Volunteering England would exclude my efforts to help my daughter from definitions of volunteering.  It’s ‘informal volunteering’, which extends to all such unpaid help to someone who is not a relative.

So I need to understand there is a distinction between being a ‘helper’ and a ‘volunteer’, and a  formal / informal dichotomy of volunteering, even when I am doing the same sort of work.

Volunteering Australia goes further, in restricting ‘formal’ volunteering to an activity which takes place through not-for-profit organisations, and in designated volunteer positions only.  That sounds like a higher status is attached to formal volunteering.  Or, that the work I used to do freely and on my own initiative in my local community has become institutionalised as an economic resource, as unpaid labour.

That’s when warning signs light up contradictions.  NGO contracts with government rarely include funding for the costs of volunteer programmes, like a manager’s salary or reimbursement for volunteer out-of-pocket expenses.  Neither does ‘formal volunteering’ guarantee recognition and status for volunteers and the manager of the volunteer programme within the organisation.

In the meantime my informal volunteering continues to go un-noticed and uncounted.  A colleague reminded me of the words ‘natural support’ to describe all that child-rearing, house-keeping, befriending, good neighbourliness that goes on and on in our communities.  So if all that volunteering is ‘natural’, does that mean there is something ‘unnatural’ about formal volunteering?  That might sound flippant, but I have to ask the question.

One place where volunteering is not designated formal or informal is the data collected during a Census.  In New Zealand we are asked to record details about ‘unpaid work’, those activities performed in the four weeks before the census date, without payment, for people living either in the same household, or outside.  Statistics NZ describe volunteering as:

“Voluntary work supports groups and organisations whose activities contribute to social well-being.

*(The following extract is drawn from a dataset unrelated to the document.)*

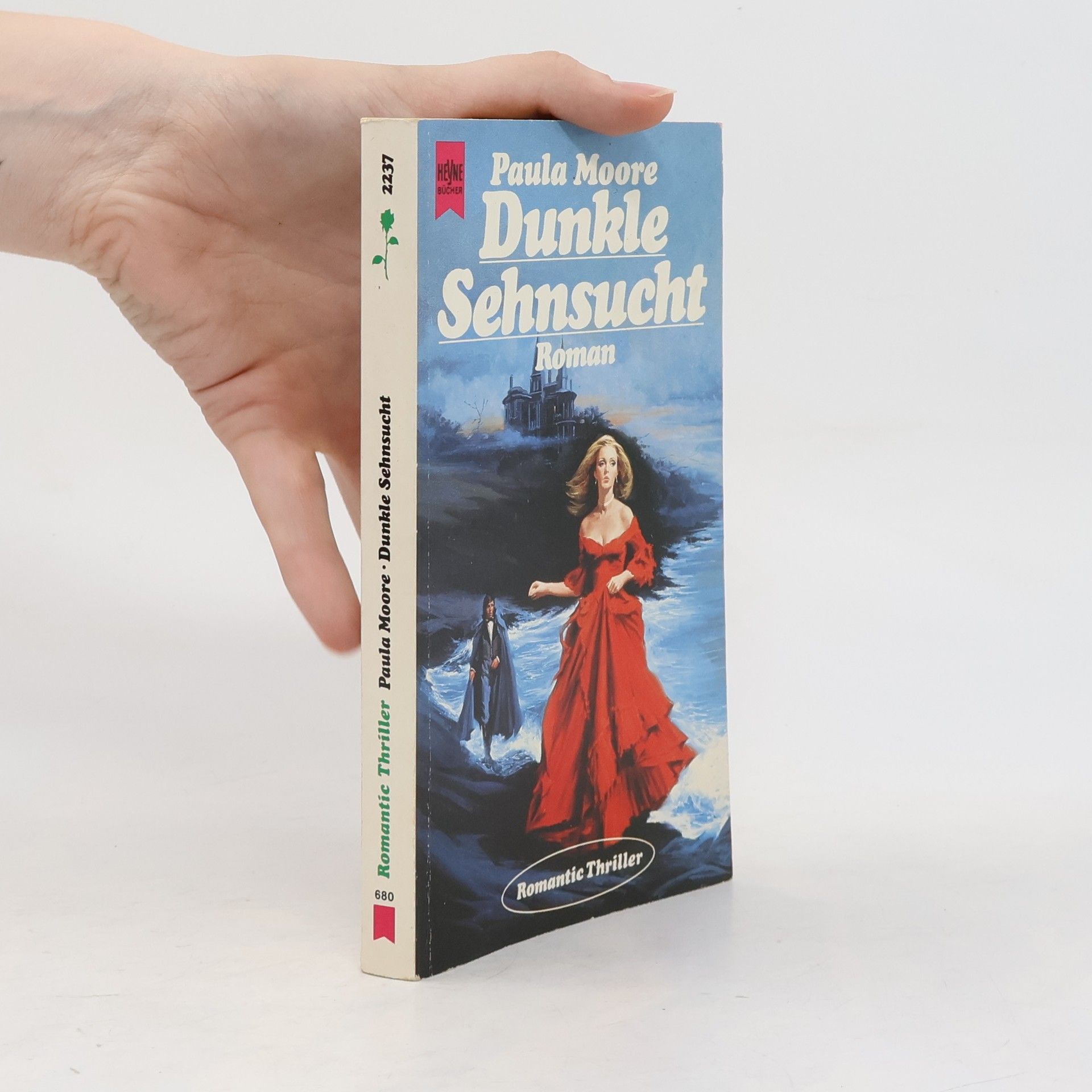Paula Moore Dunkle Sehnsucht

Volunteers give their time and skills to help others and give back to their community.”

Maybe this description is too simplistic for purists.  Yet the concept of ‘unpaid work’ enables an overall account of the scope of freely given activity in our communities wherever and however it occurs.  ‘Formal volunteering’ is a label that has evolved with the growth of the NGO sector.  It is a pity that institutional understanding and appreciation of volunteering and its management within organisations has not grown with the label.

Some years ago Andy Fryar raised similar questions about definitions of volunteering:

  • Why do we continually have to define volunteering only within the constraints of ‘formal’ volunteering?
  • Why can’t we create a definition that covers all types of volunteer involvement?

These questions are not so silly, and there are no easy or even silly answers.  We are continually tripped by meanings attached to different types of volunteer involvement.  It’s worth having a look at Volunteering Vocabulary (see inset p5) to see how many ways there are to use ‘volunteer’.

‘Volunteering’ is a word that has grown in use and expanded in meaning alongside social, political and economic change in our communities.  To confine ‘freely given time, skills and energy for the common good’ within the boundaries of a rigid definition could restrict our willingness to give so freely.